Factors affecting CUDA kernel performance

I am working on a benchmarking tool that simulates PyTorch convolutional layers. PyTorch uses cuDNN for convolution operations so does the benchmarking tool.

As far as I can tell from cuDNN API logs and Nsight Systems traces there is no difference in cuDNN function calls in PyTorch and the benchmarking tool.
However, PyTorch convolutions are faster: increasing the number of iterations I can see that the execution time of PyTorch CUDA kernels decreases significantly. On the other hand, increasing the number of iterations in the benchmark does not significantly change CUDA kernels execution time.

I thought it could be the result of PyTorch kernels effectively using GPU cache and changed the benchmarking tool to use the same data in consecutive iterations. However, this had little effect on the execution time of the benchmark CUDA kernels: increasing the number of iterations still did not change the execution time significantly.

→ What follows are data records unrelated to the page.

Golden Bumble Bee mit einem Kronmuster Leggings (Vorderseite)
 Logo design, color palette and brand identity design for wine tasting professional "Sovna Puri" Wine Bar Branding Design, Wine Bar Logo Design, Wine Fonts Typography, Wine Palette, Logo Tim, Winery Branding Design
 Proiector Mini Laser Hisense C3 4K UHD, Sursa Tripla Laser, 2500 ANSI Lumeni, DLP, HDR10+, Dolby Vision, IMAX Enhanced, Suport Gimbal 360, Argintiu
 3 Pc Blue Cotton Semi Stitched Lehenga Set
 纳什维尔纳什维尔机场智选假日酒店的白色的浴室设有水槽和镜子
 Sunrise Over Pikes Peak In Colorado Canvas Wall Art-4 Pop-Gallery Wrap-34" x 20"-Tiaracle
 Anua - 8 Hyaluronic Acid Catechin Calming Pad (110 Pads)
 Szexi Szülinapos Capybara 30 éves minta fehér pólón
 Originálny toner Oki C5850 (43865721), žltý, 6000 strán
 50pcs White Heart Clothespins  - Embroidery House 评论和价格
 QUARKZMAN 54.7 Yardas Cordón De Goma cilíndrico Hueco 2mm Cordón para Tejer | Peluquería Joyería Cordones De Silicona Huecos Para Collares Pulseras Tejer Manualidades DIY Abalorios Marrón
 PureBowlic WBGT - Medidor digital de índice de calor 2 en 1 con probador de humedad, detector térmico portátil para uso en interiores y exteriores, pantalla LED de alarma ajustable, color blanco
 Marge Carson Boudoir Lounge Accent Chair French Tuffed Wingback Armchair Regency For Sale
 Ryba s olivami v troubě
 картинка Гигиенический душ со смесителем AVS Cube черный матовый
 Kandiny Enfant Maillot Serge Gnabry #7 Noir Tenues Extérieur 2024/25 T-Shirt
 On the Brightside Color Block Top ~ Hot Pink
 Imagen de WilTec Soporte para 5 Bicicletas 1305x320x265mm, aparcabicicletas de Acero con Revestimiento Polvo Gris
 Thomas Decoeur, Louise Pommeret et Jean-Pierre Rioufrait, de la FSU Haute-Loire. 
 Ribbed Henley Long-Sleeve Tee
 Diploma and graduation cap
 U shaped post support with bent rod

I would appreciate any help on what could be the factors that make PyTorch CUDA kernels run faster with the increasing number of iterations.

I am using nvprof tool to measure CUDA kernels execution time. This tool can also measure a lot of other kernel performance parameters, but which metrics should I look at?

I profiled Pytorch and the benchmark tool using all metrics for one CUDA kernel that has a particularly large difference in execution time.

I profiled the two applications for three different numbers of iterations: 1, 10 and 100. In all three cases, the numbers of the kernel invocations are the same for the two apps.

I used all metrics (--metrics all nvprof option) for this kernel. Almost all metrics are about the same for the Pytorch applications and the benchmark tool, and only dram_write_* metrics are different.

I attach the plots showing these metrics for each application.
Pytorch metrics are orange, the benchmark metrics are blue. Coloured areas show the min and the max of the metric values, the lines show the average values as reported by nvprof. The x-axis is the number of iterations.

So the PyTorch kernel has much more DRAM write transactions, and the kernel execution time is faster. What could it mean?

I don’t think pytorch uses cudnn but more cultass which would explain this result
this is a simpler example of how pytorch should be constructed GitHub - NVlabs/tiny-cuda-nn: Lightning fast C++/CUDA neural network framework

pytorch most certainly uses cudnn

1 Like

Hi @pyotr777

I am not fully aware of how PyTorch is fully constructed. I have only had a rough view of the source code from some days ago. However, I hope this helps. In general, for CUDA kernels, what we first look at is the following:

  • Keeping the memory reserved from the beginning until the end. It means that no allocations should happen during the actual program execution.
  • Keeping the buffers in cache or, at least, in a fast memory region. It means that the data should be as less strided as possible to avoid cache trashing in the SMs.
  • Not sure if it is still valid, but I think so. Making the memory accesses coalesced. I think that may not be your issue here.

Trying to correlate the DRAM bandwidth with respect to the plots:

  • Making your memory pinned or properly mapped is always a good point
  • Hiding communication with processing: performing memory transfers while computing on a different region of memory

Hope this can help you to understand a bit what’s under the hood.

Regards,
Leon

Thank you @luis.leon for your valuable comment.

I have found that the main reason why Pytorch kernels are faster is the GPU “warmup” effect. Pytorch runs the whole CNN model training, and GPU starts to run faster (increasing application clock rate, I believe). On the other hand, benchmark runs short tasks of benchmarking individual training operations, which have little effect on GPU performance.